*** Opening Data supplied ***

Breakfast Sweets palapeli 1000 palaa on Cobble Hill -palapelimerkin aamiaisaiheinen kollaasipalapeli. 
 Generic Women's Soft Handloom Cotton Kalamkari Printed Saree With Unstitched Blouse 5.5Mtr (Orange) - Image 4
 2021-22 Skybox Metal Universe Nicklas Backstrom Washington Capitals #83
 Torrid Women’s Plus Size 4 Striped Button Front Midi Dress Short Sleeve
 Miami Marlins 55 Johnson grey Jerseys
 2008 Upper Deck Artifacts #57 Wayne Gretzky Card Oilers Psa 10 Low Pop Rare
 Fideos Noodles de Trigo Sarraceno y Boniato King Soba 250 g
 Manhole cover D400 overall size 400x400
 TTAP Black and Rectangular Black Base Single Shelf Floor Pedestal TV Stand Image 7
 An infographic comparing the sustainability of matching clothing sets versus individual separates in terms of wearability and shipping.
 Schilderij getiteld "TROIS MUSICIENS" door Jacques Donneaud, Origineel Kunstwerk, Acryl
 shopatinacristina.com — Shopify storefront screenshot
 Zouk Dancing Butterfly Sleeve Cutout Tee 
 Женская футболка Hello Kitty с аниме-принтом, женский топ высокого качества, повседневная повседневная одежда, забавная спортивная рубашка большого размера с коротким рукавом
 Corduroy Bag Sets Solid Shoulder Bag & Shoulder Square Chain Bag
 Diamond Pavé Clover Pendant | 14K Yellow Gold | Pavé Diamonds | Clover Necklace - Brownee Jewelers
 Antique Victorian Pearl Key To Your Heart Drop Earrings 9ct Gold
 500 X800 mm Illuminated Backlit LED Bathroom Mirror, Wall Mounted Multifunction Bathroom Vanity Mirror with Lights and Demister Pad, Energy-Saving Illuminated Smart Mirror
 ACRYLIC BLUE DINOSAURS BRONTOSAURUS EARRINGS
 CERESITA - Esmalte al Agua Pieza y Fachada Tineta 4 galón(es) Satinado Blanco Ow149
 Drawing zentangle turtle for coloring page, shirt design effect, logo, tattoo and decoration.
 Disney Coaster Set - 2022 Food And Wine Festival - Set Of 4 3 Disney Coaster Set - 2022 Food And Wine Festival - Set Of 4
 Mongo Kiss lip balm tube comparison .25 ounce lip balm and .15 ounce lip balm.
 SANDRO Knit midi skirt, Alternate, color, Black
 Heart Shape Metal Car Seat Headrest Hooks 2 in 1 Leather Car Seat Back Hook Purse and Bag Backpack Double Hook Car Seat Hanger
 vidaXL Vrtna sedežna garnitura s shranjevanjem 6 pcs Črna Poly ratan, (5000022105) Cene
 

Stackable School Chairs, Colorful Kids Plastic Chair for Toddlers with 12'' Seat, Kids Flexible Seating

*** Closing Data supplied ***

Goal of the exercise: Beginning at the line with "Miami Marlins 55 Johnson grey Jerseys" and ending at the last line of the entries, print every line exactly.

Written response:
 Miami Marlins 55 Johnson grey Jerseys
 2008 Upper Deck Artifacts #57 Wayne Gretzky Card Oilers Psa 10 Low Pop Rare
 Fideos Noodles de Trigo Sarraceno y Boniato King Soba 250 g
 Manhole cover D400 overall size 400x400
 TTAP Black and Rectangular Black Base Single Shelf Floor Pedestal TV Stand Image 7
 An infographic comparing the sustainability of matching clothing sets versus individual separates in terms of wearability and shipping.
 Schilderij getiteld "TROIS MUSICIENS" door Jacques Donneaud, Origineel Kunstwerk, Acryl
 shopatinacristina.com — Shopify storefront screenshot
 Zouk Dancing Butterfly Sleeve Cutout Tee 
 Женская футболка Hello Kitty с аниме-принтом, женский топ высокого качества, повседневная повседневная одежда, забавная спортивная рубашка большого размера с коротким рукавом
 Corduroy Bag Sets Solid Shoulder Bag & Shoulder Square Chain Bag
 Diamond Pavé Clover Pendant | 14K Yellow Gold | Pavé Diamonds | Clover Necklace - Brownee Jewelers
 Antique Victorian Pearl Key To Your Heart Drop Earrings 9ct Gold
 500 X800 mm Illuminated Backlit LED Bathroom Mirror, Wall Mounted Multifunction Bathroom Vanity Mirror with Lights and Demister Pad, Energy-Saving Illuminated Smart Mirror
 ACRYLIC BLUE DINOSAURS BRONTOSAURUS EARRINGS
 CERESITA - Esmalte al Agua Pieza y Fachada Tineta 4 galón(es) Satinado Blanco Ow149
 Drawing zentangle turtle for coloring page, shirt design effect, logo, tattoo and decoration.
 Disney Coaster Set - 2022 Food And Wine Festival - Set Of 4 3 Disney Coaster Set - 2022 Food And Wine Festival - Set Of 4
 Mongo Kiss lip balm tube comparison .25 ounce lip balm and .15 ounce lip balm.
 SANDRO Knit midi skirt, Alternate, color, Black
 Heart Shape Metal Car Seat Headrest Hooks 2 in 1 Leather Car Seat Back Hook Purse and Bag Backpack Double Hook Car Seat Hanger
 vidaXL Vrtna sedežna garnitura s shranjevanjem 6 pcs Črna Poly ratan, (5000022105) Cene
 

Stackable School Chairs, Colorful Kids Plastic Chair for Toddlers with 12'' Seat, Kids Flexible Seating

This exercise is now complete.